Day 6 : Arcsin

Day 6 : Arcsin#

The standard arcsine (or simply arcsine) distribution is a special case of the beta distribution (see Day 2 of the Calendar) with α = β = 1/2.

The probability density function is given by

\[f(x) = \frac{1}{\pi \sqrt{x(1-x)}}, \qquad x\in [0,1].\]

The cumulative distribution function is given by

\[F(x) = \frac{2}{\pi} \arcsin (\sqrt{x}), \qquad x\in [0,1].\]

🔔 Random Facts 🔔#

  • Let \(\{W(t) : t\in[0,1] \}\) be a standard Brownian motion on \([0,1]\), and consider the following random variables:

  • The proportion of the time that \(W\) remains positive:

\[T^{+} = \lambda(\{ t\in[0,1] : W(t) >0\}),\]

where \(\lambda\) denotes the Lebesgue measure.

  • The last time that \(W\) crosses the origin:

\[L = \sup \{ t \in [0,1] : W(t) = 0\}.\]
  • The time at which \(W\) reaches its maximum:

\[M^{\ast} = \arg \max_{0\leq t\leq 1} W(t).\]
  • These three random variables follow the arcsin distribution. These properties are known as arcsin laws (or Levy arcsine laws). In particular, the fact that \(L\sim Arcsin\), was noted by French mathematician Paul Lévy in 1939, in his paper “On certain homogeneous stochastic processes”.

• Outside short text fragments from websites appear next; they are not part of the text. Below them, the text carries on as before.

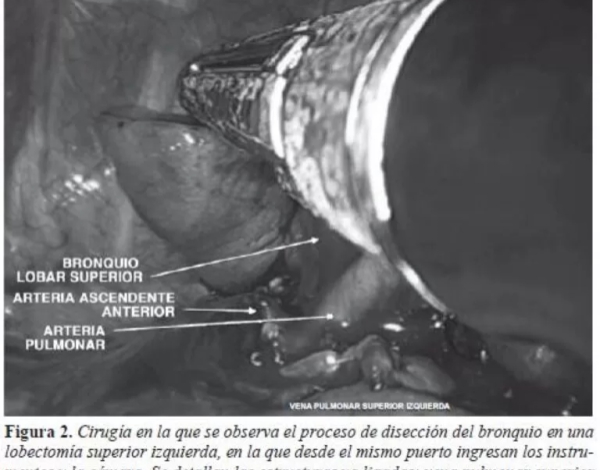 Debate sobre las ventajas de la Lobectomía Pulmonar por Puerto Único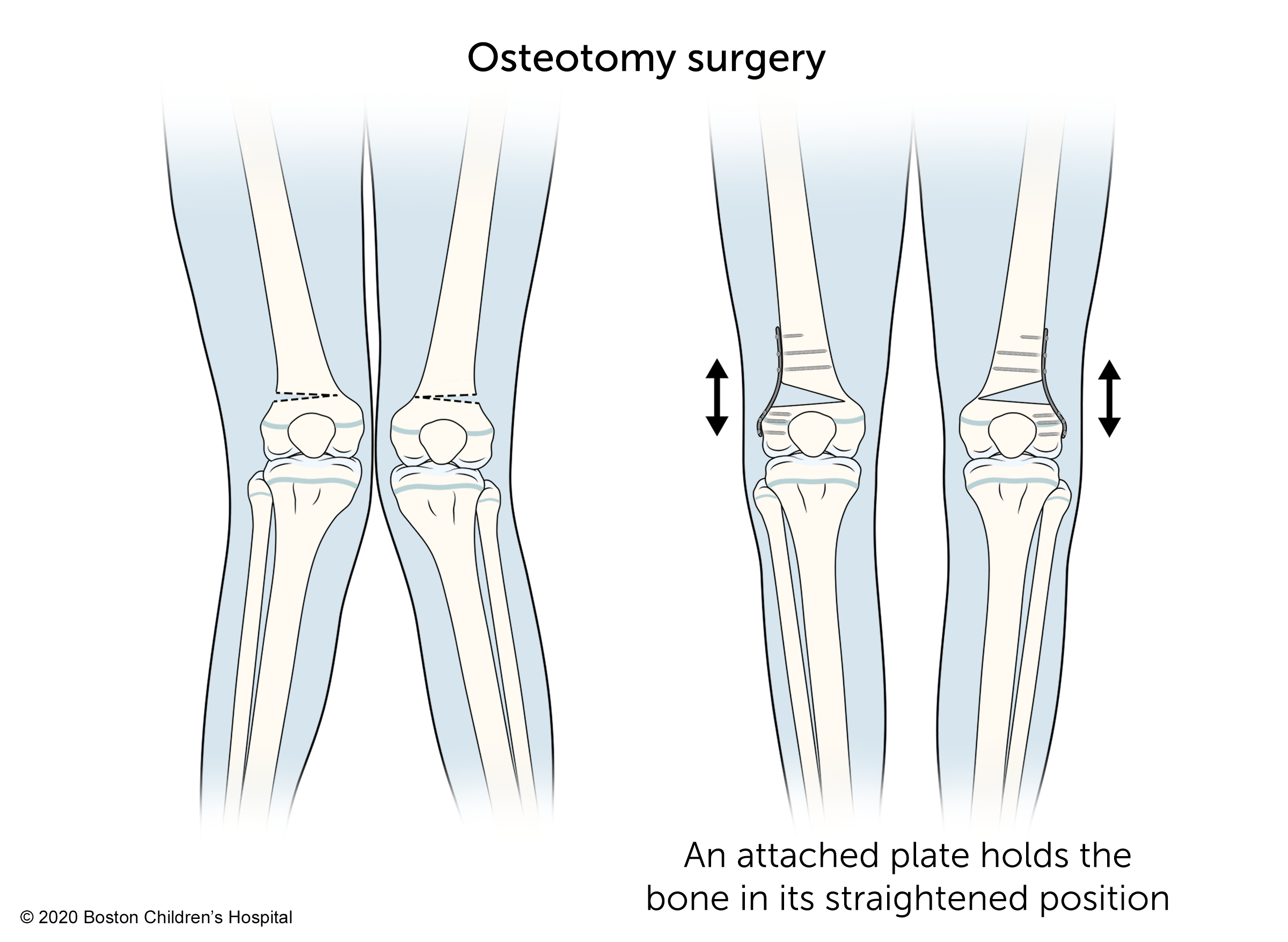 在截骨手术中，附着的钢板将骨固定在其拉直的位置。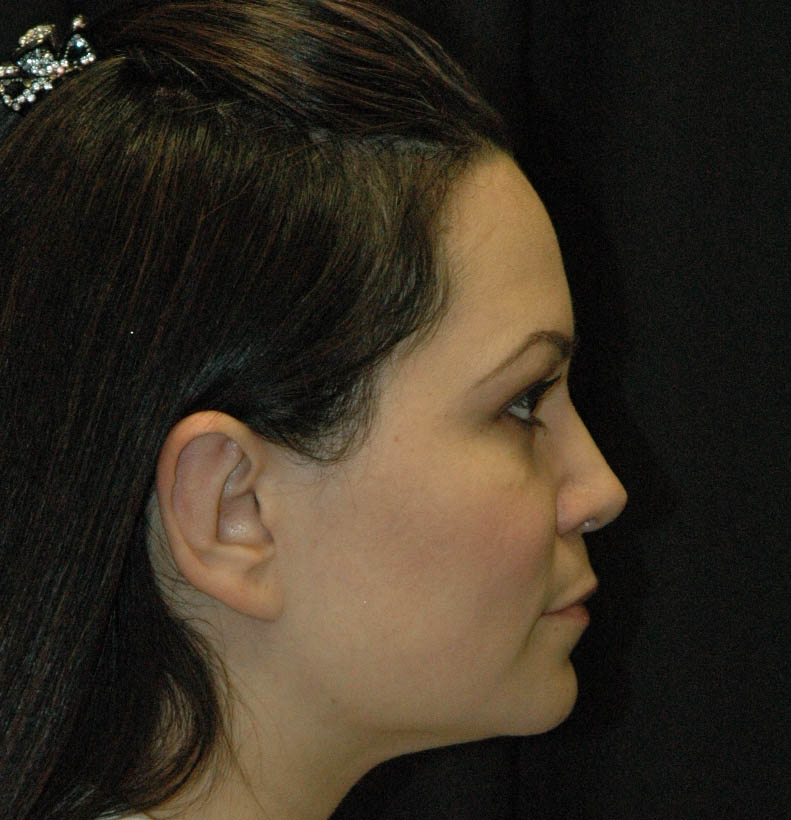 Rhinoplasty Los Angeles California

  • The prime divisors of natural numbers follow a distribution which is closely related to the Arcsine distribution. This was stated without proof in 1969 by Hungarian mathematician Paul Erdős, and subsequently proved (see e.g. Manstavičius, E. (1994), “A proof of the Erdős arcsine law”) and is now known as the Erdős arcsine law.